(PROVIDED RECORDS Opens)

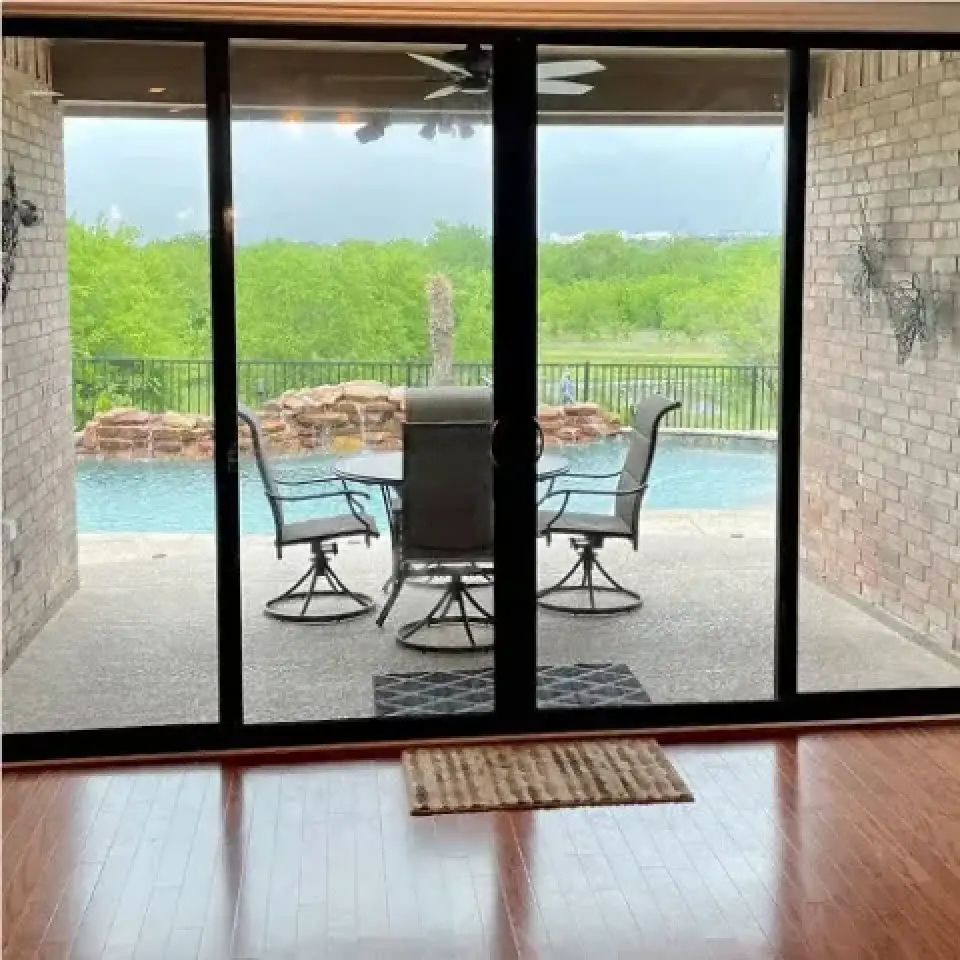 Swimming pool and patio viewed through large sliding glass doors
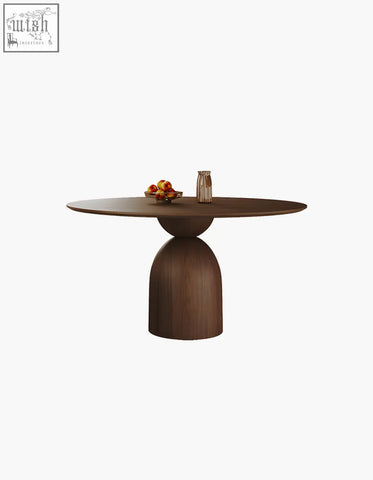 A sleek dark brown solid wood dining table with a rounded top and sculptural base amaia round pedestal dining table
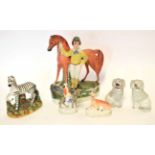 Collection of Staffordshire pottery animals and figures including a Zebra, two Poodles and a
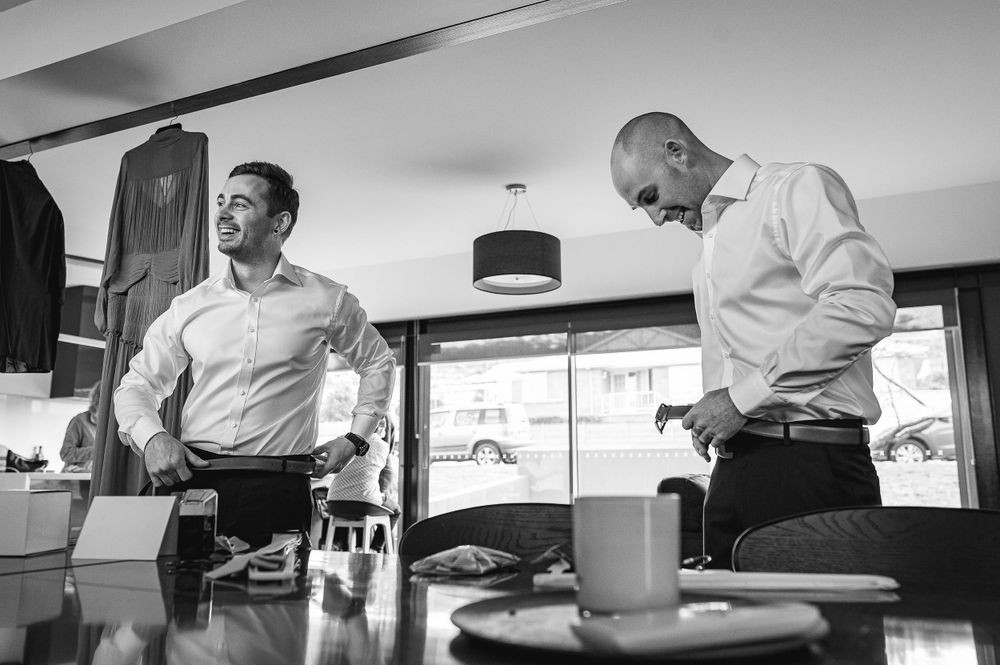 Two people in business attire interacting in an office setting.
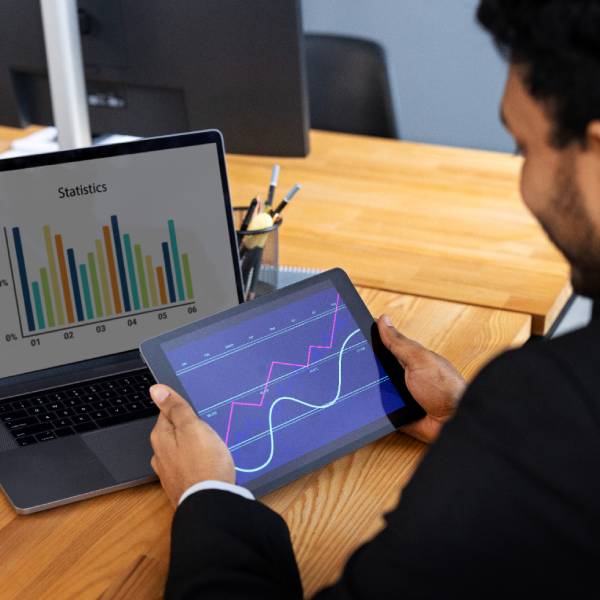 A person analyzing graphs on a tablet and laptop at a desk A person analyzing graphs on a tablet and laptop at a desk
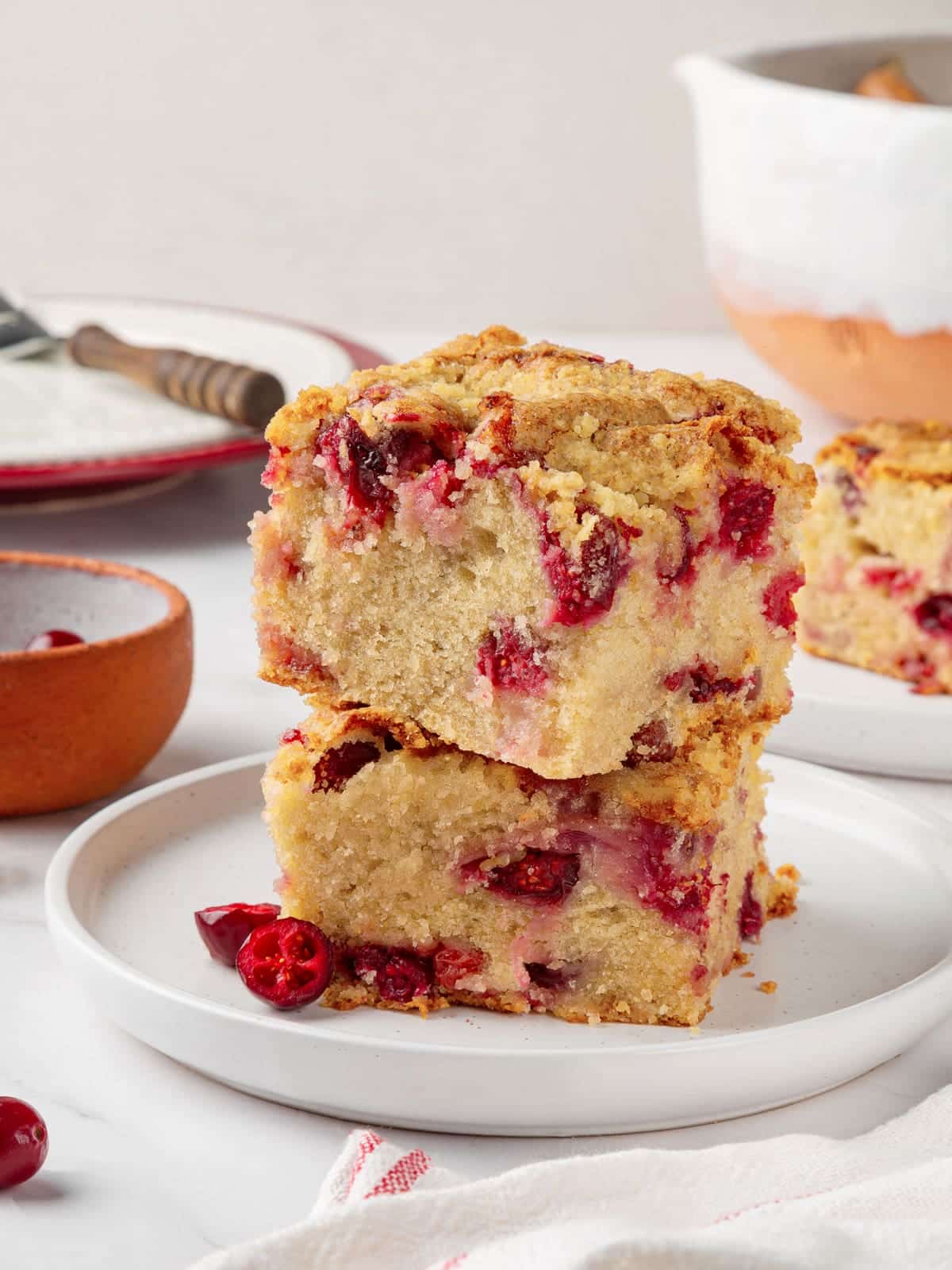 Two slices of cranberry cake stacked to show layers of tart berries and soft texture.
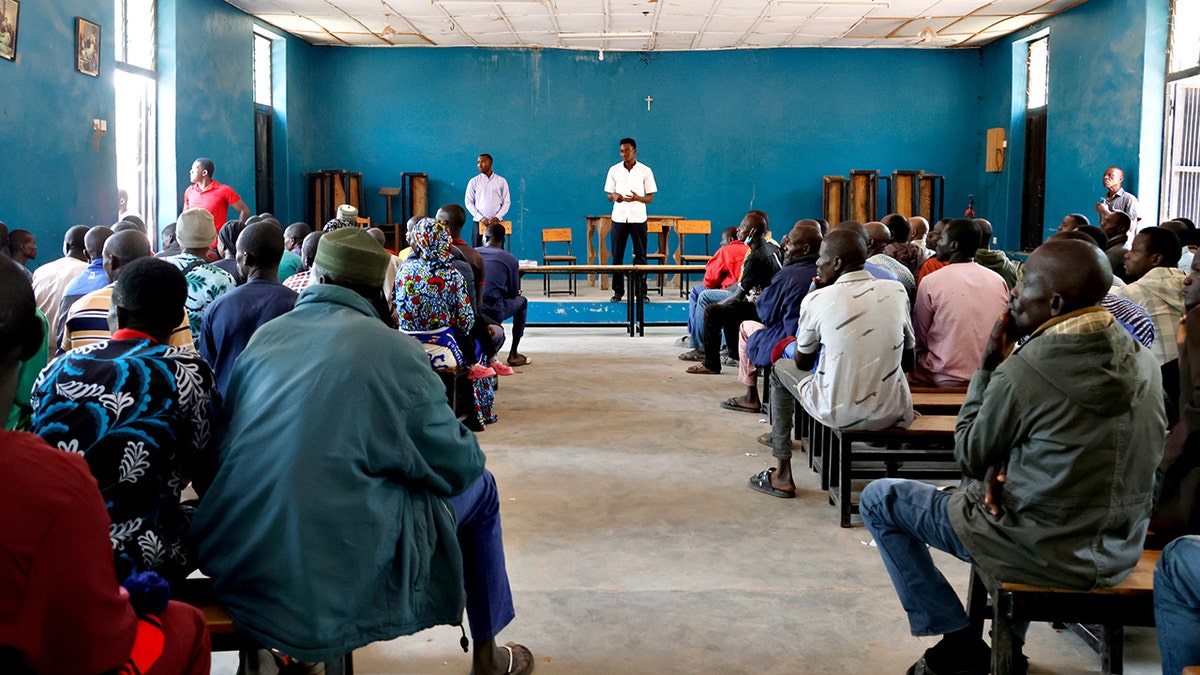 Parents of abducted school children sit in school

(PROVIDED RECORDS Closes)

WHAT THE TASK REQUIRES ::
The whole listing must be restated word for word. Leave out any pictures.

WRITTEN ANSWER ::
 Swimming pool and patio viewed through large sliding glass doors
 A sleek dark brown solid wood dining table with a rounded top and sculptural base amaia round pedestal dining table
 Collection of Staffordshire pottery animals and figures including a Zebra, two Poodles and a
 Two people in business attire interacting in an office setting.
 A person analyzing graphs on a tablet and laptop at a desk A person analyzing graphs on a tablet and laptop at a desk
 Two slices of cranberry cake stacked to show layers of tart berries and soft texture.
 Parents of abducted school children sit in school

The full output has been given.